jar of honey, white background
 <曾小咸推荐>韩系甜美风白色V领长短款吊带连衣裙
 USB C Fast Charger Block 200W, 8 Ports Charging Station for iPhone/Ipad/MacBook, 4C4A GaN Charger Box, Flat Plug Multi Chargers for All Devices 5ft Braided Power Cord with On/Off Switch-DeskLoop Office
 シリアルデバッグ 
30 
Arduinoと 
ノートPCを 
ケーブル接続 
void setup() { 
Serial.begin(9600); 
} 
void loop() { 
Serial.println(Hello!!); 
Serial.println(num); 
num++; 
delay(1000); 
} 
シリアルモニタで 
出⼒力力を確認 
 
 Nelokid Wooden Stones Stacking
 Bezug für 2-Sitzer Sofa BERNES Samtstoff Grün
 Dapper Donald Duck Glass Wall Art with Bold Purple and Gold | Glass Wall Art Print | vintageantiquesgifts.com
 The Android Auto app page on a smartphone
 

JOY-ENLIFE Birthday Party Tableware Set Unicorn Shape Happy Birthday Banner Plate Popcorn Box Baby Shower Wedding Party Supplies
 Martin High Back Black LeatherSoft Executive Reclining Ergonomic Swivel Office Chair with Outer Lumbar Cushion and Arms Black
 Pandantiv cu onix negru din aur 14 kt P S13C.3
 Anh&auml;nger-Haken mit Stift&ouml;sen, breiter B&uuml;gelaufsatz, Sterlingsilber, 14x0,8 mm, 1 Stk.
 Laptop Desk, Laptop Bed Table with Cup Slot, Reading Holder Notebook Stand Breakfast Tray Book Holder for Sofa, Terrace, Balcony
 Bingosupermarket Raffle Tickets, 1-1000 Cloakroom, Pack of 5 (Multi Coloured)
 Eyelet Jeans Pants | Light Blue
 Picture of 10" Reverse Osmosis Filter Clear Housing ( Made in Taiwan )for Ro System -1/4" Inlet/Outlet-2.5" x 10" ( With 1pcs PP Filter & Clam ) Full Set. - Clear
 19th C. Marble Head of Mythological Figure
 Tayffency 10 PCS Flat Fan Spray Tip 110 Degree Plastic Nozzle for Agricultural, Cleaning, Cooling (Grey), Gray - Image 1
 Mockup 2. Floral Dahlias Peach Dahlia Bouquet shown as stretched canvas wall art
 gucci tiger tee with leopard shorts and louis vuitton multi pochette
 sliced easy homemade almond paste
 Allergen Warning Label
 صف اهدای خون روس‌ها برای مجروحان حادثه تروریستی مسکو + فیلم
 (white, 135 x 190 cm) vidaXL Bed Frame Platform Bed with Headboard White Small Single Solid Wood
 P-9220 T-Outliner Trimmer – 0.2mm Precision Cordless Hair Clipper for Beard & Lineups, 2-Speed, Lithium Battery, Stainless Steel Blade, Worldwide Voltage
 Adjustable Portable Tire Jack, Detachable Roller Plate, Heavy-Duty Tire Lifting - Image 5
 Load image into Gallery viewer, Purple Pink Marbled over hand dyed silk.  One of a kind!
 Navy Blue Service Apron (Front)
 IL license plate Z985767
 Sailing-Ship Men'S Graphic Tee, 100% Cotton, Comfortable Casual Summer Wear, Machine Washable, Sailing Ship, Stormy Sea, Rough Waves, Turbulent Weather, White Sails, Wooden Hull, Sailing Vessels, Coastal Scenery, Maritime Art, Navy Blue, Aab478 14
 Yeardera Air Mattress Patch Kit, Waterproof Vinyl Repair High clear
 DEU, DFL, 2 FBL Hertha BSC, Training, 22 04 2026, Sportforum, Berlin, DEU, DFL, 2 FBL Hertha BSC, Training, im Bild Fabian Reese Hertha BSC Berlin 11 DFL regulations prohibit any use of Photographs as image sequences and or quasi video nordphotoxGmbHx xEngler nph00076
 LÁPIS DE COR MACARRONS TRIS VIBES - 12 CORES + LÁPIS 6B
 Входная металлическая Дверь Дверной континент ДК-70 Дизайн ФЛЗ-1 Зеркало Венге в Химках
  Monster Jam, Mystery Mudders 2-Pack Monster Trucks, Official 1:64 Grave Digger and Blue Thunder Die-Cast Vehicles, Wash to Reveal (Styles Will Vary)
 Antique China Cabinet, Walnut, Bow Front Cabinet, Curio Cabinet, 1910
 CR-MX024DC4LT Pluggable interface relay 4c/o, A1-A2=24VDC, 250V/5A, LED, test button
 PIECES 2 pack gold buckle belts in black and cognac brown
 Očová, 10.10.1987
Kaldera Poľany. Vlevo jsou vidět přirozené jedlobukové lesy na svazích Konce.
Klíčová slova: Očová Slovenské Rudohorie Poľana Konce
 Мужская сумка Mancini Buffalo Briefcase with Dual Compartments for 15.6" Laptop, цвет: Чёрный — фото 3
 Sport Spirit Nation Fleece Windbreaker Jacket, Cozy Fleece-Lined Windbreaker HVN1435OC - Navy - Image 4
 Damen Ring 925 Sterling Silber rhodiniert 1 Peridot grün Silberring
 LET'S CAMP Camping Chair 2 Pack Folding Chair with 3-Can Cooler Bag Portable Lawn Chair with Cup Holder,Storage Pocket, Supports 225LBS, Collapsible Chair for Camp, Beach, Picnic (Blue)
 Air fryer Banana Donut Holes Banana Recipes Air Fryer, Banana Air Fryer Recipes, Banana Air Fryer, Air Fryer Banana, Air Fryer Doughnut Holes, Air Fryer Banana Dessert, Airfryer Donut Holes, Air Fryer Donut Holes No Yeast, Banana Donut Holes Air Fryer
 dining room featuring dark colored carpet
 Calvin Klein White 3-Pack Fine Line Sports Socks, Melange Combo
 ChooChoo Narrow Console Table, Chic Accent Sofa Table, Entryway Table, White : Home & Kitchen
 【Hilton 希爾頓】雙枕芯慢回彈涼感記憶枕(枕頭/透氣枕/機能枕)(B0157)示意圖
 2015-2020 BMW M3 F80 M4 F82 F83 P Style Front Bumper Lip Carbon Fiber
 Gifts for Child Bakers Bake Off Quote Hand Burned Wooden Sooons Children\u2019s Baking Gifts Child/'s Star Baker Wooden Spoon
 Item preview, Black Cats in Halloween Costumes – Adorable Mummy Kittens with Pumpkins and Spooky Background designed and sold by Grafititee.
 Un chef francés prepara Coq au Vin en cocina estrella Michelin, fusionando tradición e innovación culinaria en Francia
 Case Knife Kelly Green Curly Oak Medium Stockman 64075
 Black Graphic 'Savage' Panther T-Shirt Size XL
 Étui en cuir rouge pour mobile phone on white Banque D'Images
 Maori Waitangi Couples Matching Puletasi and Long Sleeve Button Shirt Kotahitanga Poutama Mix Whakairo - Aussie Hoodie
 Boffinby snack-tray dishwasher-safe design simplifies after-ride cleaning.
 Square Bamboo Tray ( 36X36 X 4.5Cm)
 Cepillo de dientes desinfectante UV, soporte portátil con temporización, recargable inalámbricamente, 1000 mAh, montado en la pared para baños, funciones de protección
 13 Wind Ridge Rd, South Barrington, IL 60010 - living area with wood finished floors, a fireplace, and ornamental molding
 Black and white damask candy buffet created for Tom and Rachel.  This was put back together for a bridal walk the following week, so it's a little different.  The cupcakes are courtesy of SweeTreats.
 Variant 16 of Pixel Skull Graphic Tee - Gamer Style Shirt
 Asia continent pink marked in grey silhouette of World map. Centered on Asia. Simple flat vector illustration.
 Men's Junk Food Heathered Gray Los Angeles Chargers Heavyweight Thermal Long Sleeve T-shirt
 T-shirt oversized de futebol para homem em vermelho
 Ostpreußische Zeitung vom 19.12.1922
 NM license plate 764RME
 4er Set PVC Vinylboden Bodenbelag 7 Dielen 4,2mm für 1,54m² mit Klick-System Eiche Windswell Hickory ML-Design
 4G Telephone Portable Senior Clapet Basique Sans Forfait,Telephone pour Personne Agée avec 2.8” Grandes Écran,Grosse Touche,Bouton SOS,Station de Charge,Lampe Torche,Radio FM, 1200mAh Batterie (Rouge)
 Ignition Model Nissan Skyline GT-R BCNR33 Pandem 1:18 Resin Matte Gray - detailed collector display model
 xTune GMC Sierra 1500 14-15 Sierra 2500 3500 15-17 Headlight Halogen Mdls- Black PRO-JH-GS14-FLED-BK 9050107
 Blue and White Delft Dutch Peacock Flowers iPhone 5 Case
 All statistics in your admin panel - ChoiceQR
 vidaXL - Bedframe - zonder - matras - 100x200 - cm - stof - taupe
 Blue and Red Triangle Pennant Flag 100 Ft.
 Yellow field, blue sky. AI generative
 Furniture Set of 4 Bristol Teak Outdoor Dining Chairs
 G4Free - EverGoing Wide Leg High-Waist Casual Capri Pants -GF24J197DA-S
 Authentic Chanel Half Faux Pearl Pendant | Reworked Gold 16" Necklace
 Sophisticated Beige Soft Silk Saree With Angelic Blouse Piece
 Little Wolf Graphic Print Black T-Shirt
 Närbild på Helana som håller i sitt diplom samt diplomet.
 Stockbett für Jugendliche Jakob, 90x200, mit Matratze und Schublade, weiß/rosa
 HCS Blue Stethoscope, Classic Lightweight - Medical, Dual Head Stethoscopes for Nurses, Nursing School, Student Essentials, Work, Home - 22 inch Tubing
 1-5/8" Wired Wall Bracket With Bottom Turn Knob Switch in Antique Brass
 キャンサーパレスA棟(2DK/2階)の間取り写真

YOUR GOAL =
From the records above, retype only the lines starting at the line that contains "Ostpreußische Zeitung vom 19.12.1922" and ending at the line that contains "4G Telephone Portable", both included.

RESULT OF THIS EXERCISE =
 Ostpreußische Zeitung vom 19.12.1922
 NM license plate 764RME
 4er Set PVC Vinylboden Bodenbelag 7 Dielen 4,2mm für 1,54m² mit Klick-System Eiche Windswell Hickory ML-Design
 4G Telephone Portable Senior Clapet Basique Sans Forfait,Telephone pour Personne Agée avec 2.8” Grandes Écran,Grosse Touche,Bouton SOS,Station de Charge,Lampe Torche,Radio FM, 1200mAh Batterie (Rouge)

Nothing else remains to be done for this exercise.